** Opening Supplied material block **
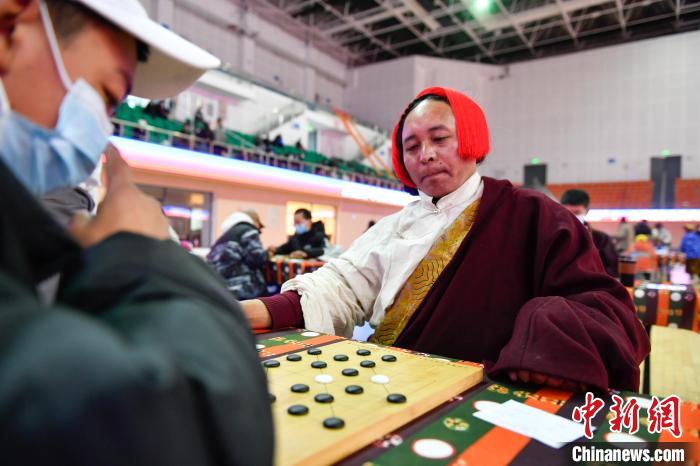 圖為比賽現(xiàn)場?！∝暩聛硭?攝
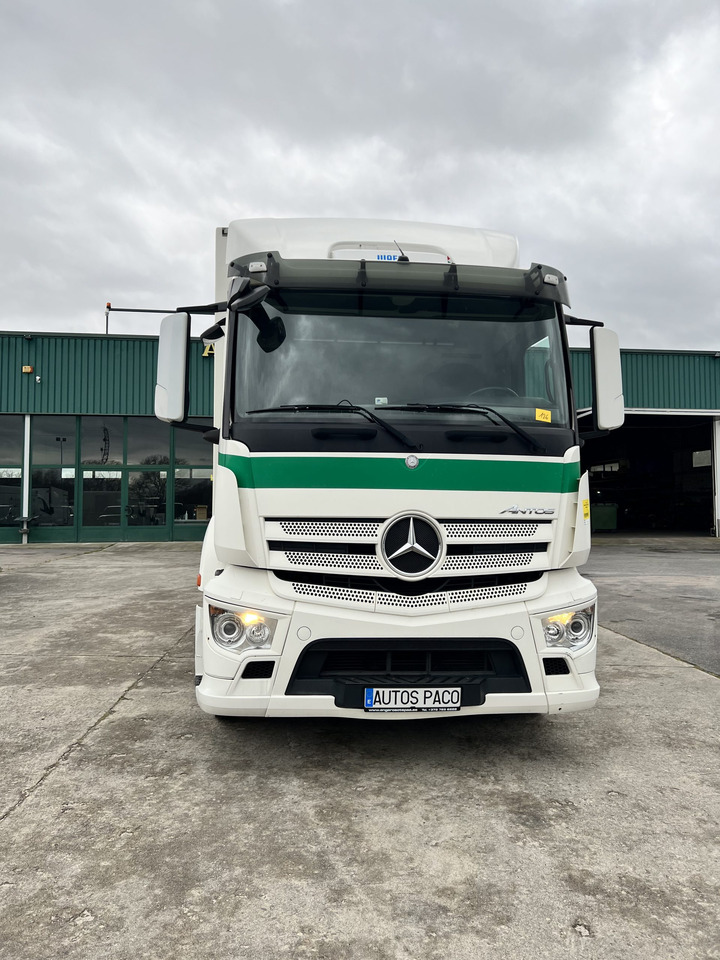 Camión Mercedes frigorífico - Chassis vrachtwagen: afbeelding 1 Camión Mercedes frigorífico - Chassis vrachtwagen: afbeelding 1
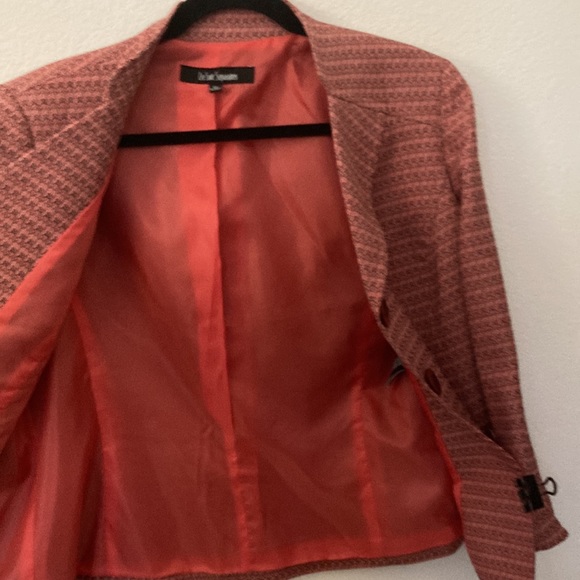 Le Suit Separates Size 12 lined blazer orange with black & cream specs. - Picture 9 of 11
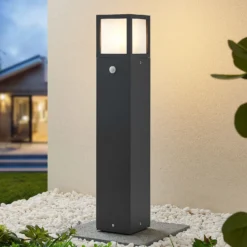 Lucande Bolardo luminoso Dewari, detector de movimiento, E27, 65 cm, IP54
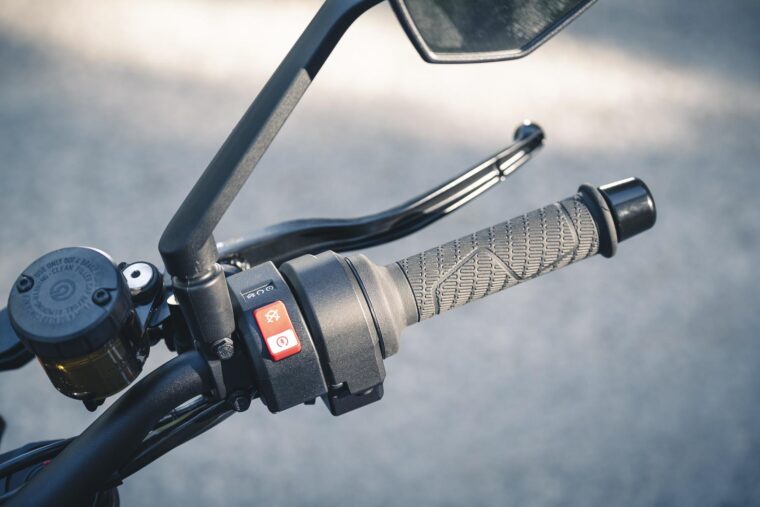 KTM-890-Duke-R-2020-detalles-12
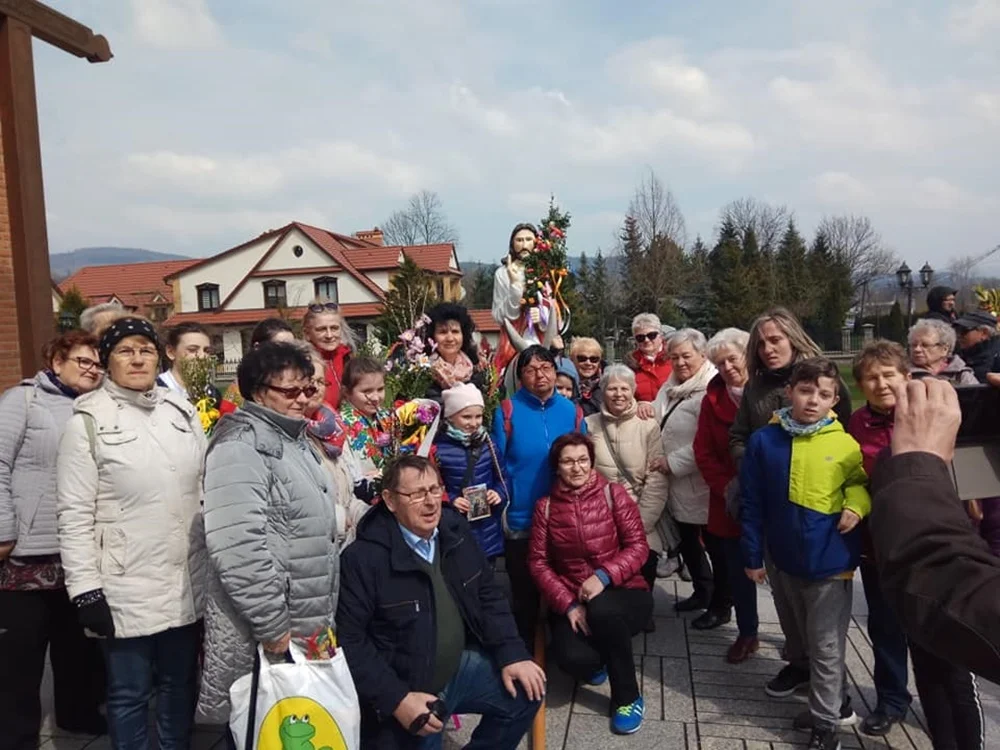 Członkowie świętochłowickiego oddziału PTTK spędzili Niedzielę Palmową na wyjeździe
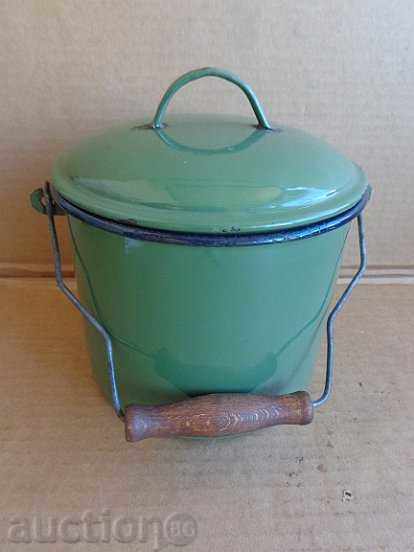 Enamelled cane with lid, enamelled container Colombia, Bulgaria with price 49.00 BGN | € 25.05 Enamelled cane with lid, enamelled container Colombia, Bulgaria with price 49.00 BGN | € 25.05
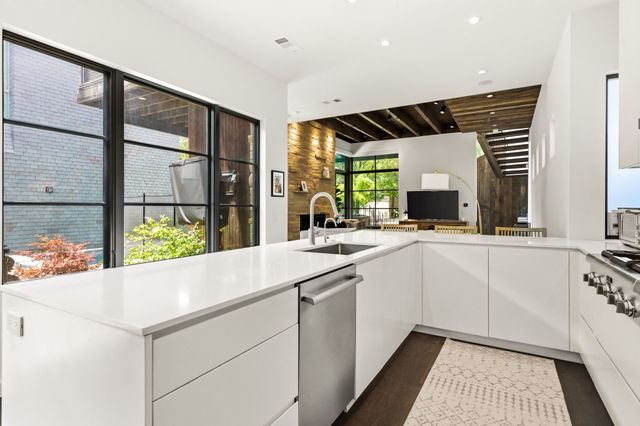 20 Vanguard Way, Dallas, TX 75243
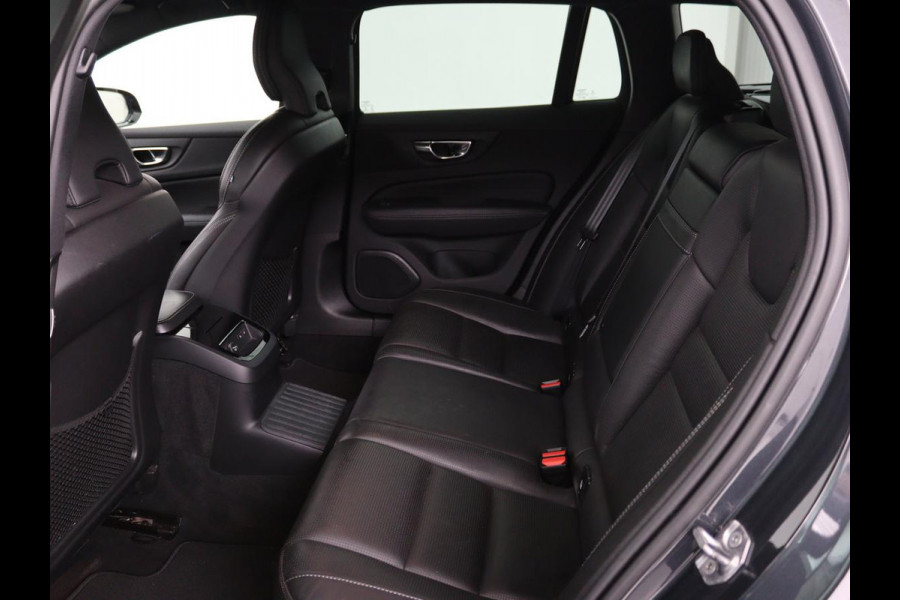 Volvo V60 2.0 T6 Twin Engine AWD R-Design | Stoelventilatie | Trekhaak | Leder | Massage | Achterbankverwarming | Camera | Adaptive cruise | Carplay | Full LED | 19'' lichtmetalen velgen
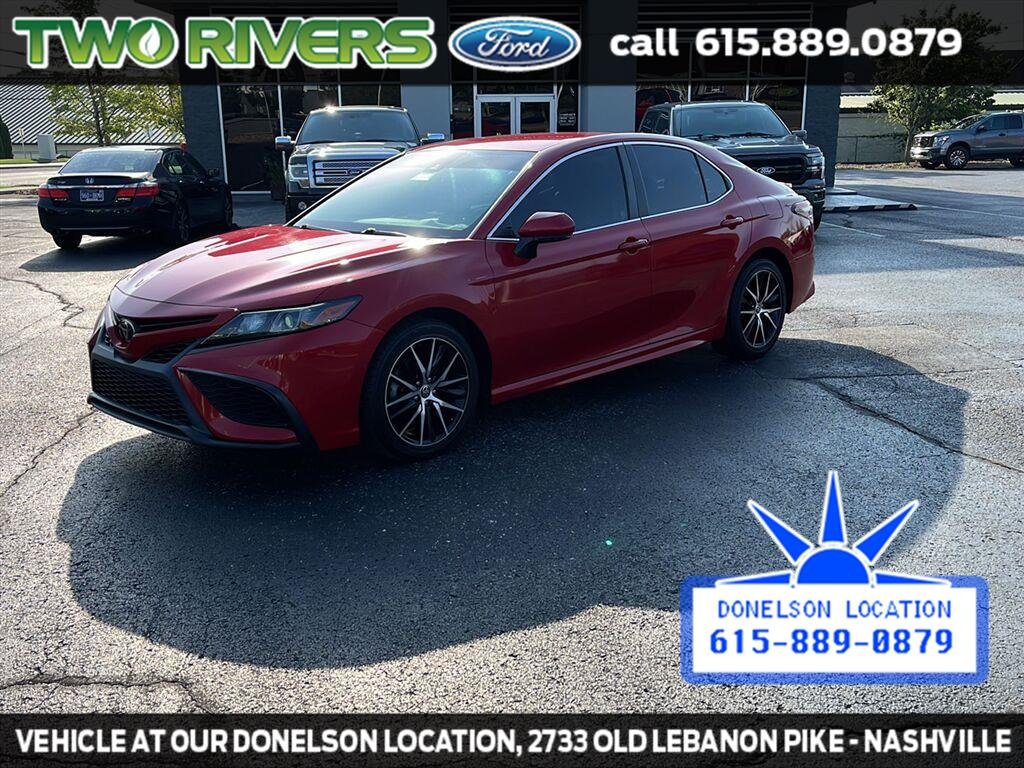 Used 2022 Supersonic Red Toyota SE image 1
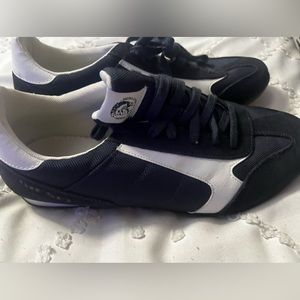 Men’s size 10 navy diesel sneakers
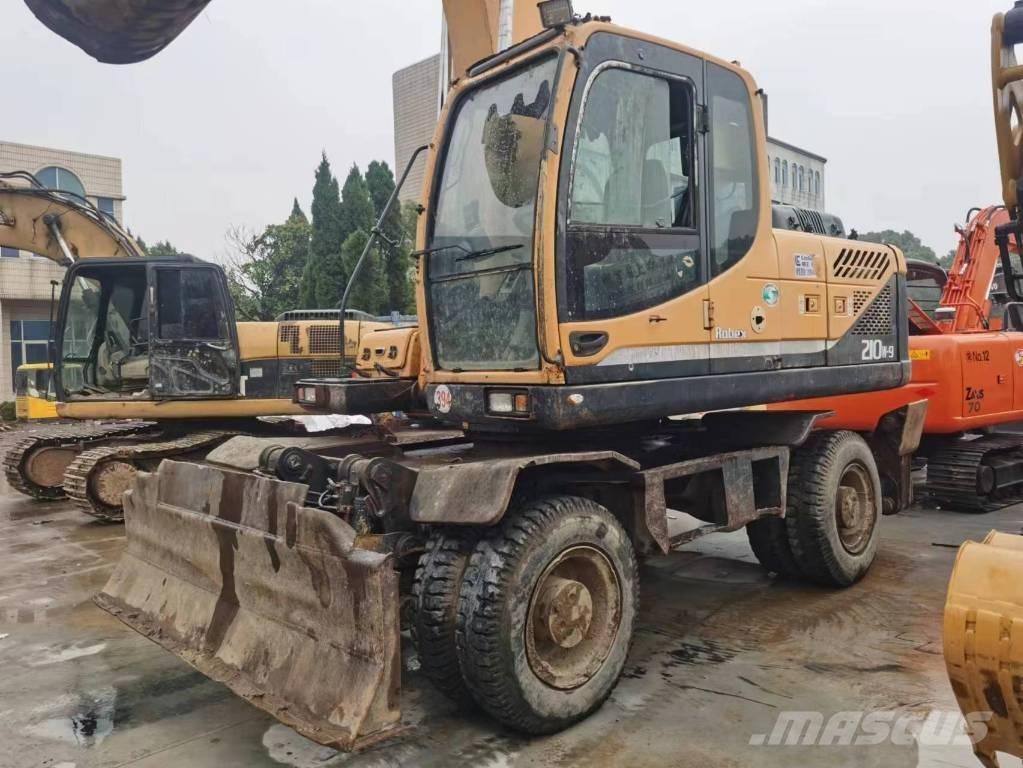 Hyundai R210W-9 轮式挖掘机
** Closing Supplied material block **
Your objective:
All lines from the one containing "Lucande Bolardo luminoso" through the end of the entries above must be given again exactly, with every picture omitted.

Written solution:
 Lucande Bolardo luminoso Dewari, detector de movimiento, E27, 65 cm, IP54
 KTM-890-Duke-R-2020-detalles-12
 Członkowie świętochłowickiego oddziału PTTK spędzili Niedzielę Palmową na wyjeździe
 Enamelled cane with lid, enamelled container Colombia, Bulgaria with price 49.00 BGN | € 25.05 Enamelled cane with lid, enamelled container Colombia, Bulgaria with price 49.00 BGN | € 25.05
 20 Vanguard Way, Dallas, TX 75243
 Volvo V60 2.0 T6 Twin Engine AWD R-Design | Stoelventilatie | Trekhaak | Leder | Massage | Achterbankverwarming | Camera | Adaptive cruise | Carplay | Full LED | 19'' lichtmetalen velgen
 Used 2022 Supersonic Red Toyota SE image 1
 Men’s size 10 navy diesel sneakers
 Hyundai R210W-9 轮式挖掘机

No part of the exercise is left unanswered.